Sale temps pour les démocraties

OPINION / L’année 2018 n’augure rien de bon pour les régimes démocratiques et pour l’idée même de représentation politique : les États-Unis sont gouvernés par une star médiatique qui a parasité leur système politique et s’emploie à le discréditer; les démocraties européennes sont menacées par l’extrême-droite ou par les tensions centrifuges; les dictatures fleurissent tandis que les pays qui émergent sont dirigés par des régimes autoritaires; et, plus globalement, les électeurs font de moins en moins confiance aux élites traditionnelles pour les représenter.

Ce que nous vivons actuellement est une crise de la représentation politique, plusieurs citoyens ayant cessé de croire que les élites qui gouvernent les régimes démocratiques les représentent vraiment et ont à cœur la véritable défense de leurs intérêts. 

Cette crise procède de plusieurs facteurs : la création d’Internet et des réseaux sociaux, qui a libéré un certain discours rageur et même haineux et permis la multiplication des fake news; la critique incessante des médias, traditionnels ou autres et partisans ou non, à l’endroit de la classe politique, globalement présentée comme jouisseuse, incompétente et corrompue; le martèlement incessant par la gauche du discours contre les inégalités sociales et par la droite de celui contre l’État interventionniste; et un certain désenchantement envers les régimes démocratiques, qui après des promesses de lendemains qui chantent suite à l’écroulement du bloc soviétique vers 1990, n’ont pas visiblement réduit les inégalités et réglé les problèmes de fonctionnement de l’État.

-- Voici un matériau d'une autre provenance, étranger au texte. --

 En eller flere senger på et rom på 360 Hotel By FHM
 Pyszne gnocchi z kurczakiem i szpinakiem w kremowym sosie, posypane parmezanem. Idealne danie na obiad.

La question de la représentation politique ne date pas d’hier. Les partisans de la démocratie directe, souvent influencés par les écrits de Jean-Jacques Rousseau, ne croient pas que des élus puissent représenter le peuple et prônent une démocratie directe assortie de divers mécanismes de rotation des responsabilités, comme dans l’Athènes antique. Mais outre le fait que cette dernière ne concernait que les mâles nés de père et de mère athéniens (moins de 10 % de la population), les tentatives pour mettre en place des démocraties participatives ont toutes lamentablement échoué. 

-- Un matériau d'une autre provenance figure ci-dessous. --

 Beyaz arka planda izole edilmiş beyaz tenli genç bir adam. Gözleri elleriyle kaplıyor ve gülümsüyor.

La gauche marxiste a cru pouvoir contourner ce problème en faisant du Parti l’avant-garde éclairée du peuple, qui gouvernerait dans son intérêt et en son nom. Les innombrables victimes des régimes concentrationnaires auxquels cette vision politique a donné naissance pourraient témoigner de son ineptie.

Concrètement, cela signifie que la plupart des régimes démocratiques sont actuellement menacés et risquent d’être écartés ou détournés. 

Trois formes

Cette menace prend trois formes : d’abord, l’utopie rousseauiste de la démocratie directe ou léniniste de la symbiose entre le peuple et une avant-garde éclairée, qui séduit toujours, mais qui débouche fatalement sur la dictature d’un groupe ou d’un parti; en second lieu, la prise du pouvoir, à la suite de graves tensions politiques et possiblement même d’une guerre civile, par un mouvement qui vise à rétablir l’ordre par la mise en place d’un pouvoir autoritaire, personnel ou oligarchique, un péril toujours présent; et enfin, le populisme, un individu qui s’adresse au peuple par-dessus les élites traditionnelles réussissant à convaincre les électeurs de l’élire, ce qui peut mener à des dérives néfastes. 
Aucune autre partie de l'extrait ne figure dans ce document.